Jakarta-Syariahnow.com-Dosen Universitas Ibnu Chaldun (UIC) Jakarta, Burhan Ali berhasil menyelesaikan perjuangan akademisnya di Perguruan Tinggi Ilmu Al-Quran (PTIQ) Jakarta, dengan meraih gelar Doktor Ilmu Al-Qur’an dan Tafsir berpredikat Cumlaude. Pencapaian ini menjadi inspirasi karena disertasinya, “Reaktualisasi Istitaah dalam Manajemen Antrean Haji di Indonesia Perspektif Al-Qur’an,” secara gamblang menawarkan solusi bagi masalah sosial keagamaan terbesar di Indonesia.

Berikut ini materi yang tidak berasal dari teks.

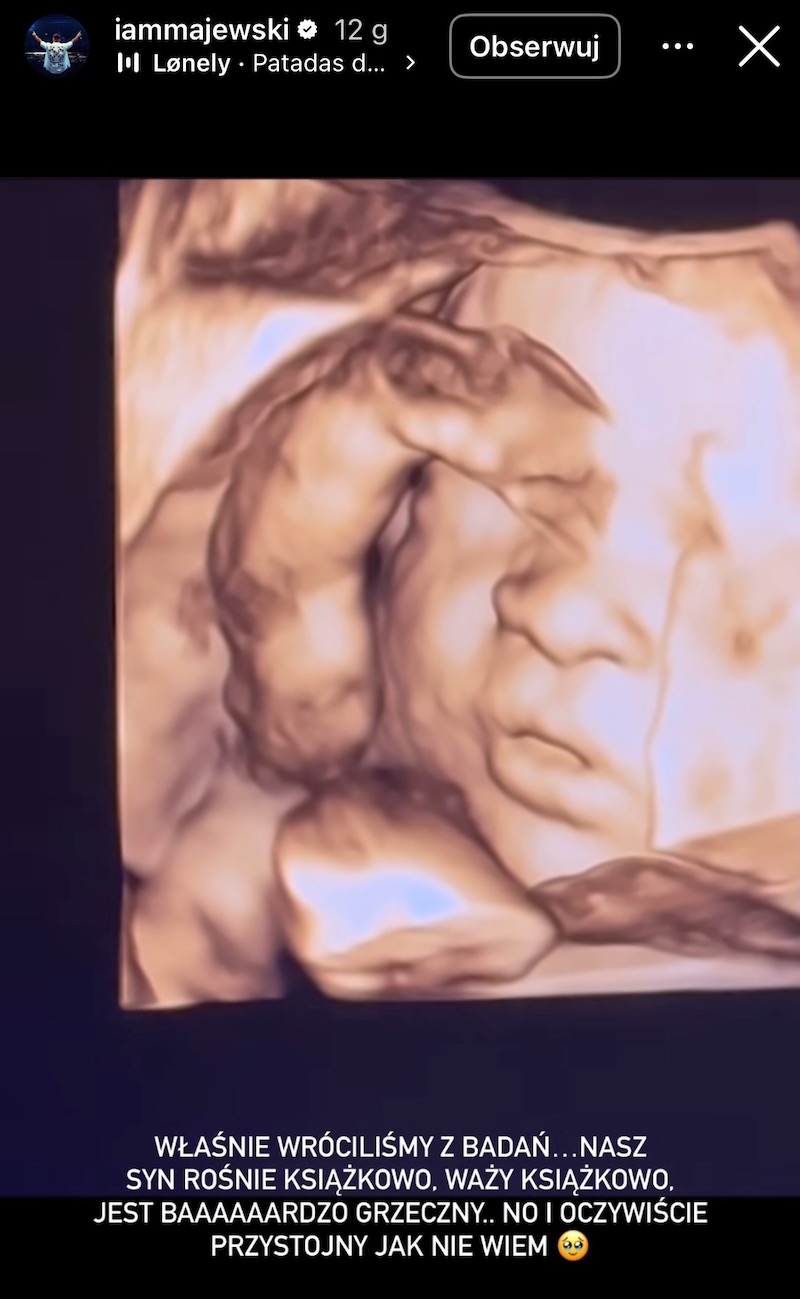 Deynn i Majewski dzielą się emocjami z badania USG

Burhan Ali menunjukkan kiprahnya sebagai akademisi yang mampu mengurai benang kusut masalah haji melalui pendekatan normatif-filosofis dan interdisipliner. Penelitiannya mengontekstualisasikan nilai-nilai inti Al-Qur’an-seperti keadilan (‘adālah), kemaslahatan (al-mashlaḥah), dan kemudahan (yusr)-ke dalam manajemen antrean.
“Disertasi ini menegaskan bahwa Istitaah adalah tanggung jawab kolektif, tidak hanya urusan pribadi. Sistem haji yang adil dan efisien harus menjamin kesiapan jemaah secara holistik,” kata Burhan Ali, kepada syariahnow.com, seusai, sidang program doktor, Selasa, 4 Nopember 2025.

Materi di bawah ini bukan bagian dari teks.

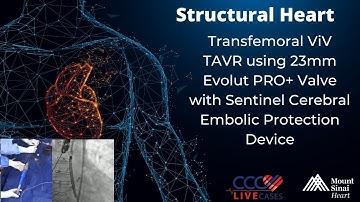 Transfemoral ViV TAVR using 23mm Evolut Pro+ Valve - May 2021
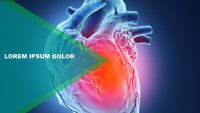 Hjerteanfald Google Slides skabelon for download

Temuan Model Integrasi Aktualisasi Istitaah (MIAI) yang diusulkan Burhan Ali adalah bukti nyata bagaimana kajian Al-Qur’an dapat menghasilkan kerangka kerja kebijakan. Model ini memungkinkan penilaian multidimensional yang memastikan jemaah berangkat dengan kesiapan finansial, kesehatan berkelanjutan, kemandirian mental, dan keamanan diri yang optimal.
Inovasi Solusi Antrean Haji
Disertasi yang dikerjakan Burhan Ali menawarkan perspektif baru dalam mengatasi isu krusial antrean panjang ibadah haji di Indonesia yang telah mencapai puluhan tahun. “Penelitian ini mereaktualisasi makna Istitaah (kemampuan) dalam konteks masa kini, berlandaskan perspektif Al-Qur’an,” jelasnya.